Reel out of the box is fine, just add add the red brake blocks, spool and tie on a shock leader. Makes sure the spool tension knob on the side is not locked down, you want a little side ways play in the spool. Too much play means its too loose and you will blow up. Too tight and you're burning up a bearing.


----------



## ematsuda (Feb 9, 2009)

Static mag it. Paint in the "Saltist" side plate engravement with red. That's all I did to mine and it looks and performs cherry.


----------



## BAYSLA-ER757 (Oct 26, 2009)

ematsuda said:


> Static mag it. Paint in the "Saltist" side plate engravement with red. That's all I did to mine and it looks and performs cherry.

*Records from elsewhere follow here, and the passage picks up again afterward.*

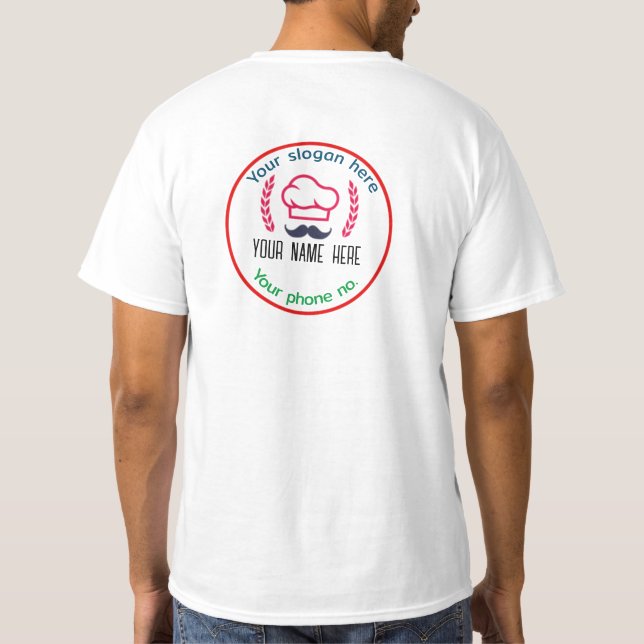 Restaurant T-Shirt med anpassad Logotyp (Baksida)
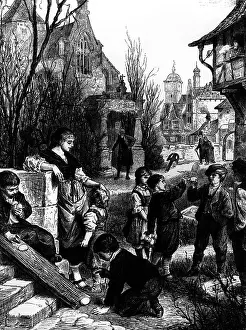 Rohling: festivity, Easter, Easter games, wood engraving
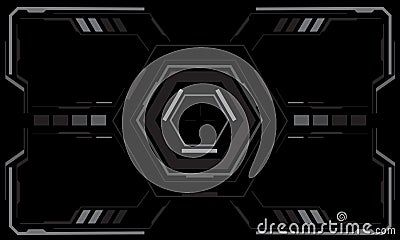 HUD sci-fi interface screen view white circular geometric design virtual futuristic technology creative display on black vector Vector Illustration
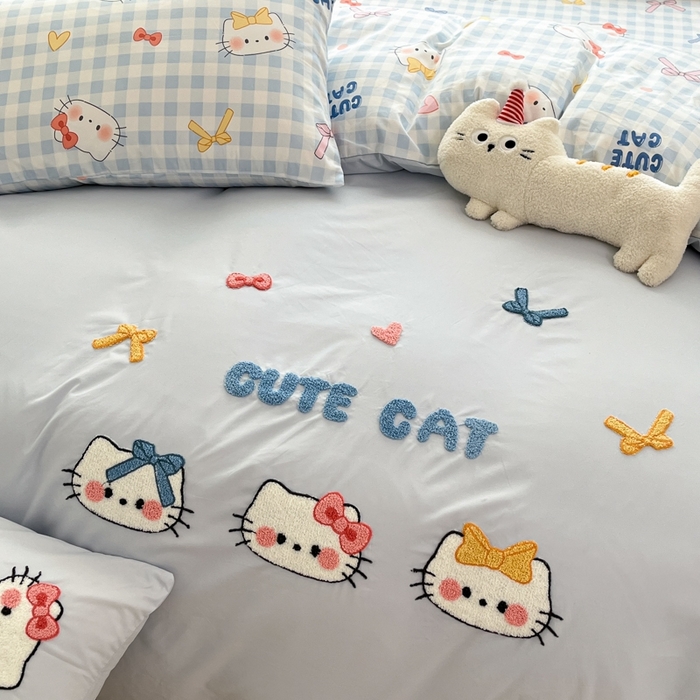 91家纺网 家纺一手货源 找家纺 如一 2025新款A类卡通印加毛巾绣水洗云朵棉四件套（提供买家秀） 蓝格猫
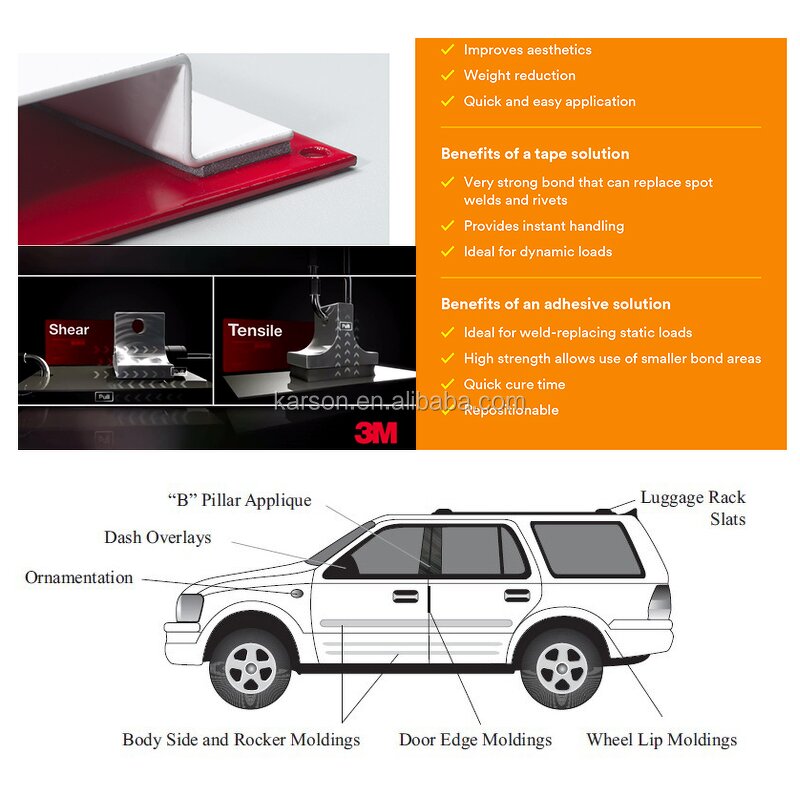 Acrylic Foam Tape Factory - 3M 5952 Black Auto Tape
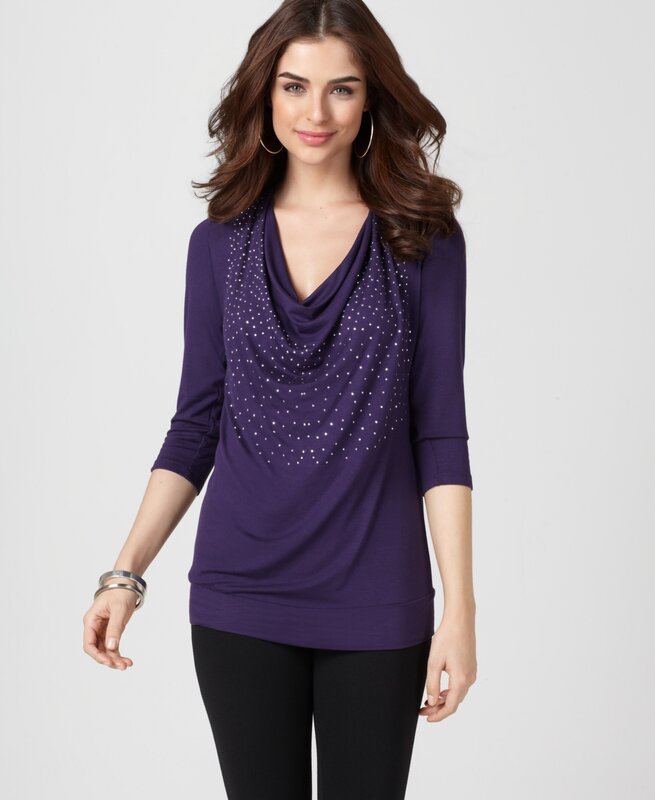 woman in purple top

where do i get that from??


----------



## AL_N_VB (Apr 3, 2002)

BAYSLA-ER757 said:


> where do i get that from??


Google: Small earth magnets. Don't get the ones from radio shack, they rust. 
Do a search on P&S.. there's pictorials and post on how to "static mag a reel".


----------



## spiderhitch (Nov 9, 2005)

BAYSLA-ER757 said:


> where do i get that from??


i got a whole bunch of earthmagnets that i was getting ready to throw in the trash yesterday,i no longer need them you can have them if you want atleast someone will put them to good use...


----------